= Marjorie Wilson =

British geologist (born 1951)

Marjorie Wilson (also known as B. Marjorie Wilson) (born 1951) is an English geologist and petrologist known for her formative work on the origin of igneous rocks. Her most significant book is Igneous Petrogenesis: A Global Tectonic Approach, published in 1989. The book was reprinted in 2007.

==Academic career==
Wilson studied at St Hilda's College, Oxford and graduated with a first class BA in Geology in 1973, later converted to an MA. She took an MA at the University of California, Berkeley also in Geology in 1974 and a PhD in Geology at the University of Leeds in 1976.

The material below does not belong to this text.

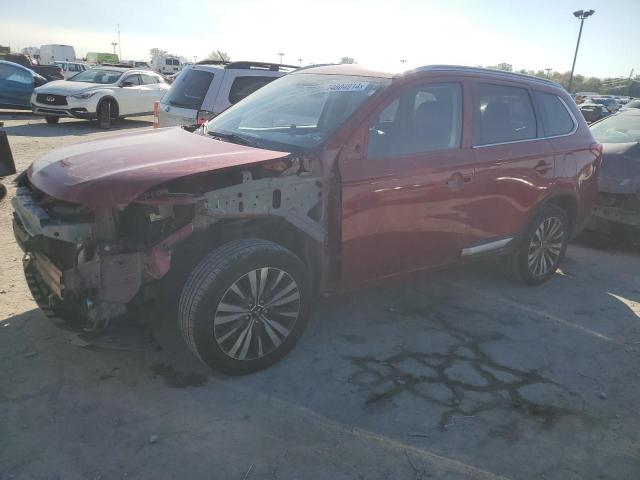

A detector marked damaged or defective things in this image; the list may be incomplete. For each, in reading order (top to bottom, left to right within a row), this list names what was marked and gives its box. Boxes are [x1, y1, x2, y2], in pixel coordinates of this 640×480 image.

damaged front end [13, 152, 328, 328]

Wilson was a Natural Environment Research Council (NERC) Post-doctoral Research Fellow at the University of Leeds from 1976 to 1978. She spent the rest of her career at Leeds, becoming Lecturer in Igneous Petrology in 1978 and Senior Lecturer in 1991. In 1998 she was appointed Professor of Igneous Petrogenesis and, since 2013, she has been Emeritus Professor of Igneous Petrogenesis at Leeds.

Wilson was executive editor of the Journal of Petrology from 1994 to 2020.

== Awards and honors ==
In 1998, Wilson was elected a foreign member of the Norwegian Academy of Science and Letters. In 2000, she received an Honorary Doctor of Philosophy from Uppsala University. In 2006, she received the Coke Medal from Geological Society of London.

==Personal life==
Wilson was married to Alastair Lumsden, previously Senior Lecturer in the Faculty of Earth and Environment at the University of Leeds. He died on 22 July 2019, aged 81.

==Selected works==
- Beccaluva, Luigi (2007). "Cenozoic Volcanism in the Mediterranean Area"
- Wilson, B. Marjorie (2004). "Permo-carboniferous Magmatism and Rifting in Europe"
- Wilson, M (2012). "Igneous Petrogenesis"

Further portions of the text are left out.